“Then we have no use for it. You like it as little as I do. You are not yet ready to accept God’s reality in your life, but you are moral. That speaks well for our relationship. We shall build upon this understanding.”
Bereft, she buried her face in her hands, but the gesture seemed not to interest him.
“Kindly do not send me to this clinic, Annabel. I prefer it here in your house. When you have converted to Islam, this is where we must live. Tell this to Mr. Brue also. You must leave now, or you will be a provocation to me. It is better we don’t shake hands. Go with God, Annabel.”
She had left her bicycle in the entrance hall. Misted harbor lights were shining through the dusk, and she had to blink several times before they cleared. Remembering that the cycle path ran on the other side of the road, she took her place in the huddle of pedestrians waiting at the zebra crossing. Somebody was saying her name. She couldn’t be sure the voice wasn’t inside her head, but it couldn’t have been because it was a woman’s whereas the voice inside her head was Issa’s. The external voice she was hearing, now that she listened to it properly, was talking to her about her sister.
“Annabel! My God! How are you? How’s Heidi? Is it true she’s pregnant again already?”
A burly woman of her own age. Green velveteen jacket, jeans. Short hair, no makeup, big smile. With her mind still struggling to return to the real world, Annabel temporized while she hunted for a connection: Freiburg? School? Skiing in Austria? The health club?
“Oh, I’m fine,” she said. “Heidi’s fine too. Are you out shopping?”
The pedestrian light turned to green. They crossed side by side with Annabel’s bike between them.
“Hey, Annabel! What are you doing this side of town? Don’t you live in Winterhude anymore?”
A second woman had drawn up on Annabel’s left, the side with no bike. She was buxom with rosy cheeks and a gypsy headscarf. They had reached the curb and it was only the three of them. A strong hand closed round her wrist that held the bicycle. Another took hold of her left arm and, in a gesture that could have passed for affection, forced it behind her back. With the pain, Annabel had an absolutely clear recollection of the two women at the petrol station this morning.

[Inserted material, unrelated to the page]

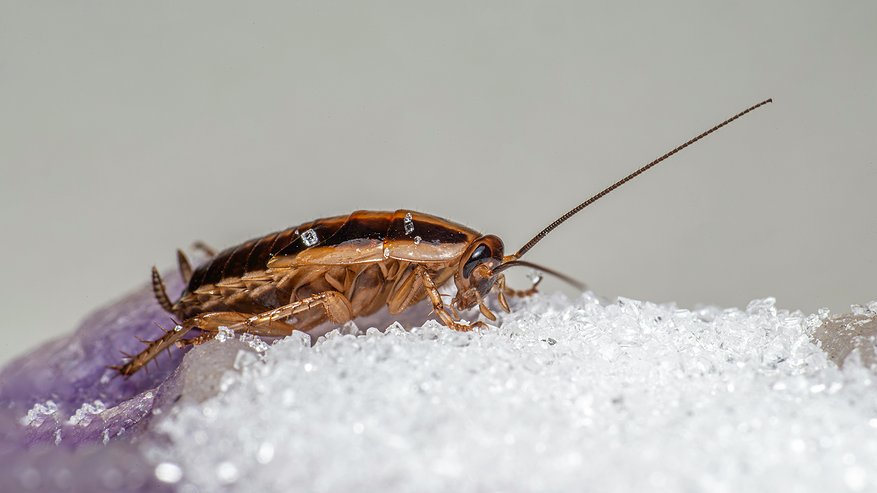 Главная картинка новости: Страшнее дихлофоса: взял это аптечное средство — тараканы исчезли, вредит только паразитам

“You get quietly into the car,” the second woman explained, her lips in Annabel’s ear. “You sit in the backseat at the center, please, no fuss. Everything friendly and normal. My friend will look after your bike.”
The battered yellow van had its back doors open. A male driver and a male passenger sat in the front, staring ahead of them. With the woman’s arm round her shoulder, Annabel allowed herself to be propelled onto the backseat. She heard the clunk of her bicycle behind her, followed by a thud. In the scramble, she hadn’t noticed they had taken her rucksack. In leisurely time, the women sat themselves either side of her, took one of her hands each, slipped a handcuff round it and wedged it out of sight on the seat between their bodies.

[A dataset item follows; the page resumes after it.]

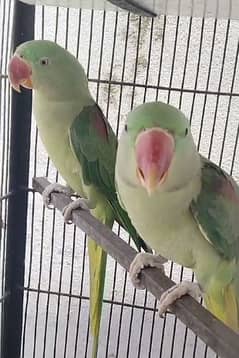 Raw parrot Breeder Pair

“What are you going to do with him?” she whispered. “He’s locked up! Who’s going to feed him when I’m not there?”
A black Saab saloon drove off ahead of them. The van followed close behind it. Nobody was in a hurry.
9
Assemble your facts clearly and calmly.
You’re a lawyer.
You may be an outraged woman with a volcano of fury in you waiting to erupt, but it’s the lawyer, not the woman, who will speak for you.
This plonking iron lift you are riding in is conveying you upward, not downward. You know this from the feeling in your stomach, which is separate from other things you feel, such as nausea, and the aching pain of violation.
You are therefore about to be delivered to an upper floor and not a cellar, for which you are cautiously grateful.
This lift does not stop at intermediate floors. It has no controls, no mirrors, no window. It smells of diesel oil and field. It is a cattle lift. It smells of your school playing field in autumn.
Those who ride in this lift do so at the will of others. You are standing between two women who abducted you by pretending to be your friends. They were then assisted by a third woman who did not pretend to be your friend. Not one of them identified herself. Not one used any name in your hearing except your own.
Nobody, not even Issa, can describe to you what it feels like to lose your freedom but now you are beginning to learn.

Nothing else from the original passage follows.